Nothing but the images is to be left out of your exact copy of the entries.

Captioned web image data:
⁂
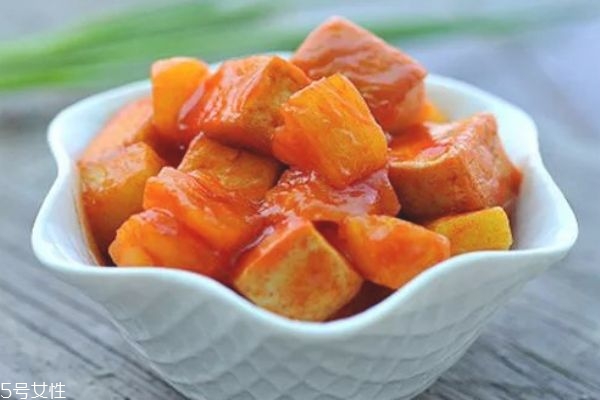 切開的菠蘿怎么保存 菠蘿切開后可以放多久 切開的菠蘿怎么保存 菠蘿切開后可以放多久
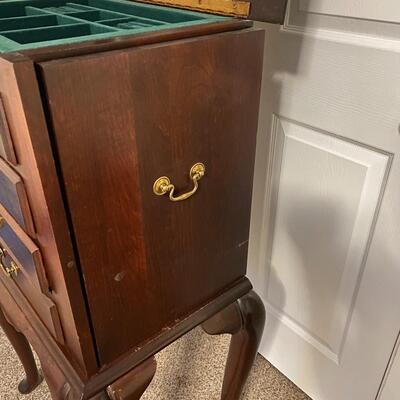 Lot 156 - Nice Wooden Jewelry Box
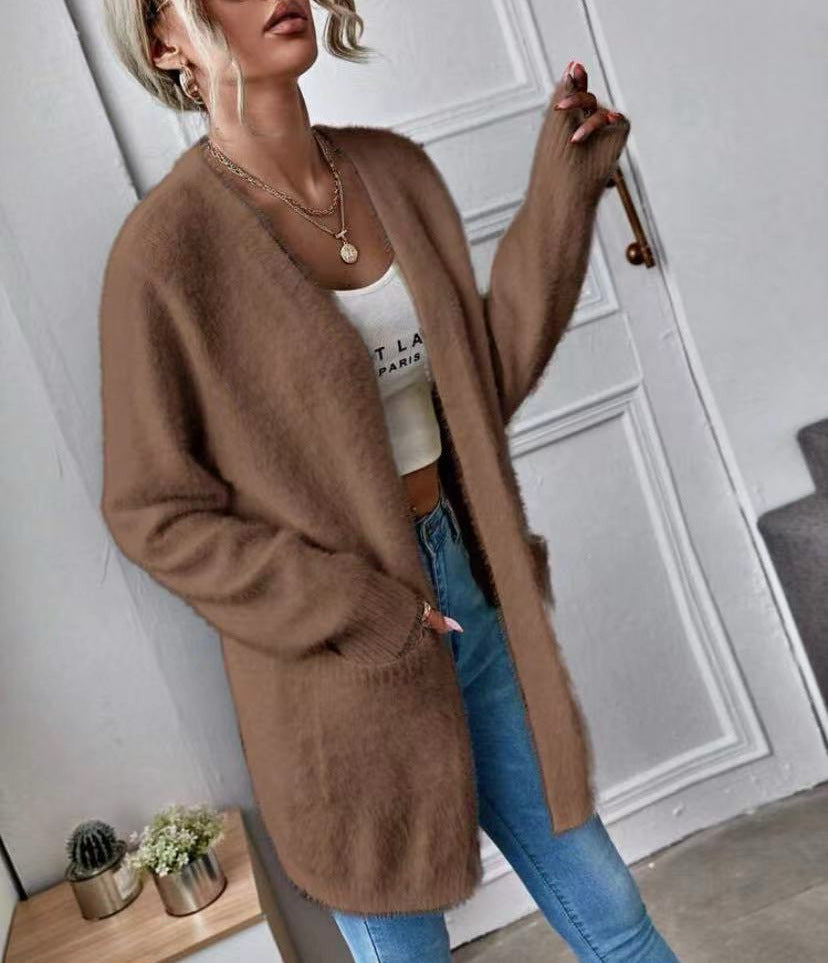 Cardigan doux et moelleux pour femme, design simple et élégant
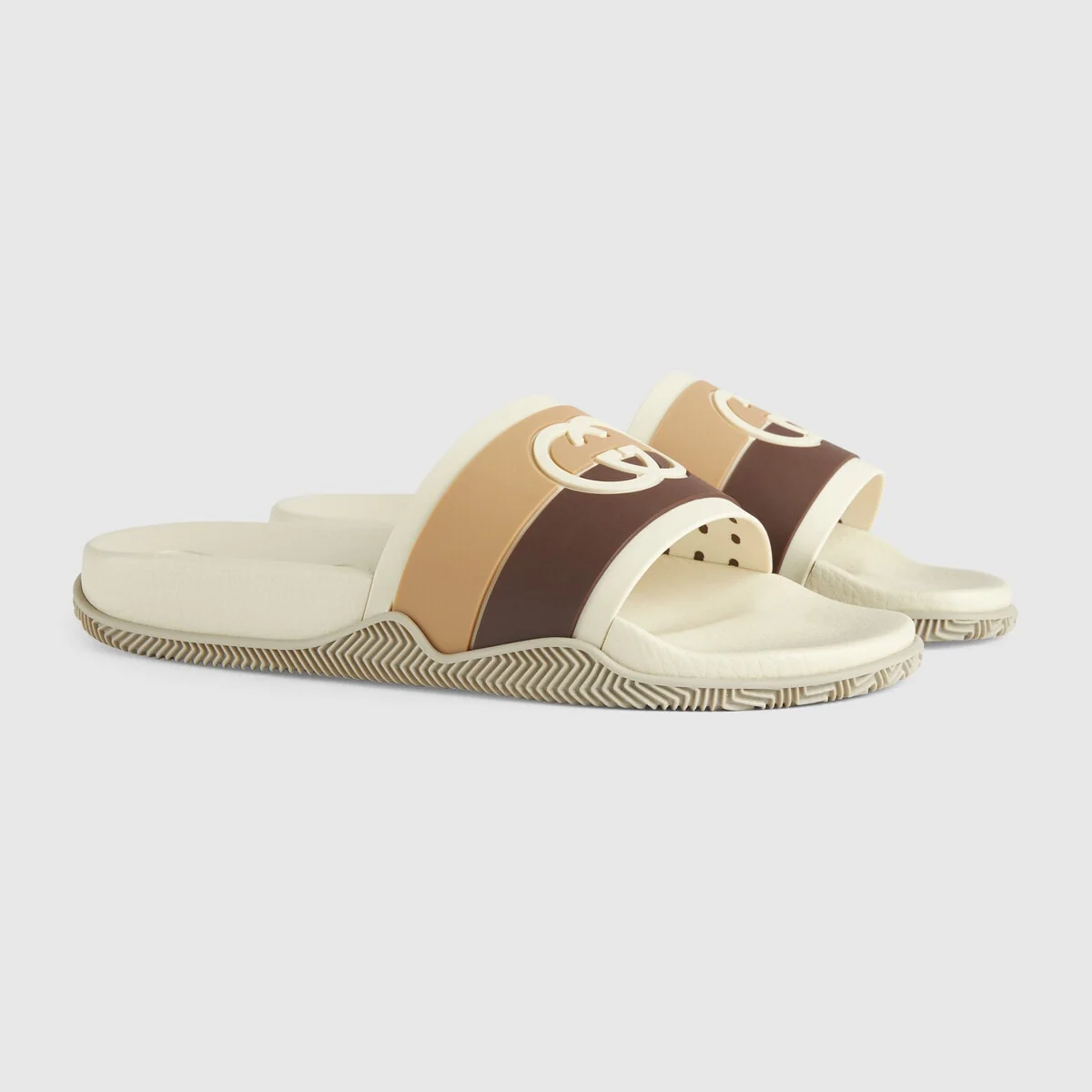 Interlocking G slide sandal view 3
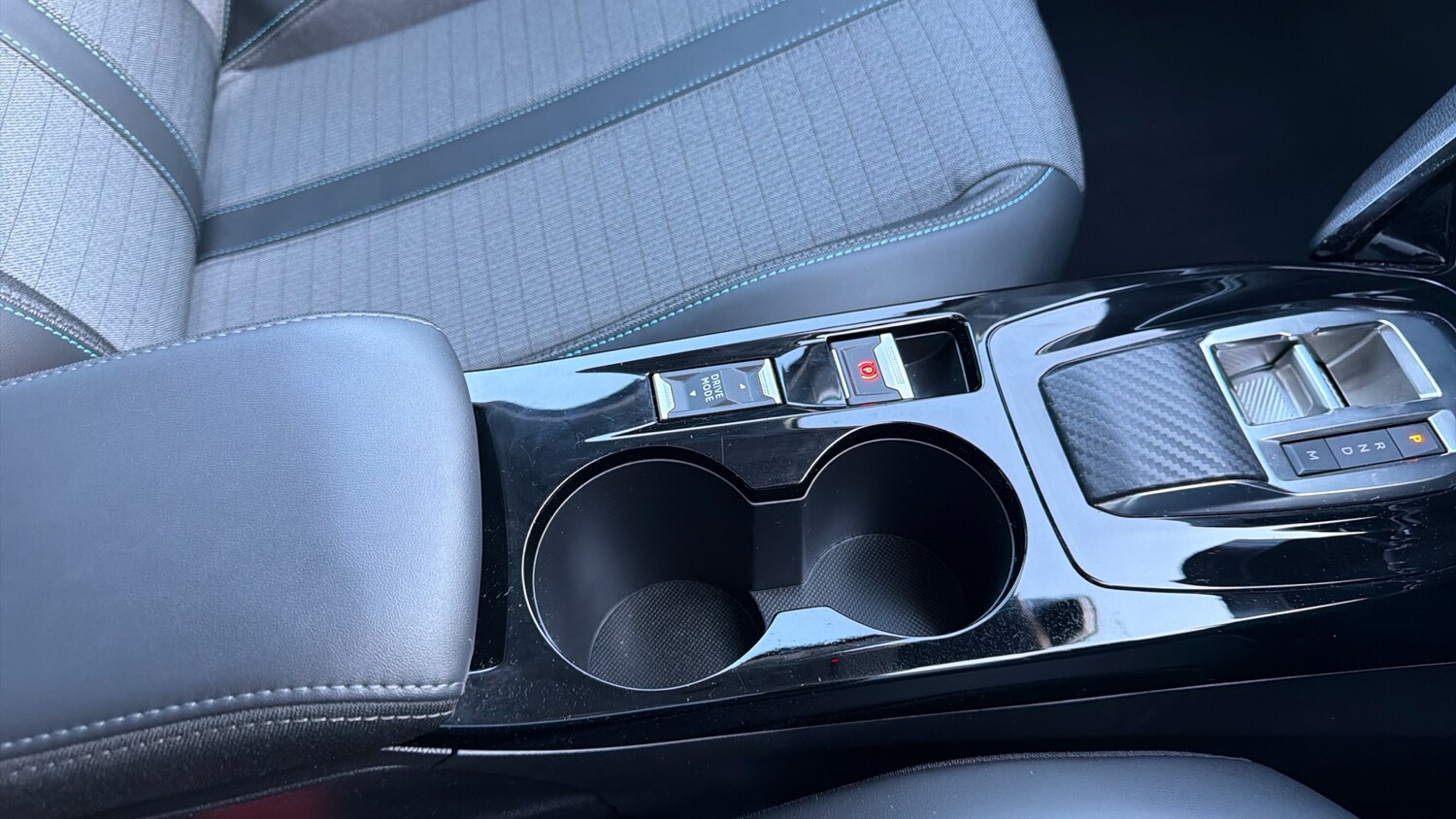 Used Peugeot 208 2023 for sale - 76927440: Photo 22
⁂
→ WORKED SOLUTION:
 切開的菠蘿怎么保存 菠蘿切開后可以放多久 切開的菠蘿怎么保存 菠蘿切開后可以放多久
 Lot 156 - Nice Wooden Jewelry Box
 Cardigan doux et moelleux pour femme, design simple et élégant
 Interlocking G slide sandal view 3
 Used Peugeot 208 2023 for sale - 76927440: Photo 22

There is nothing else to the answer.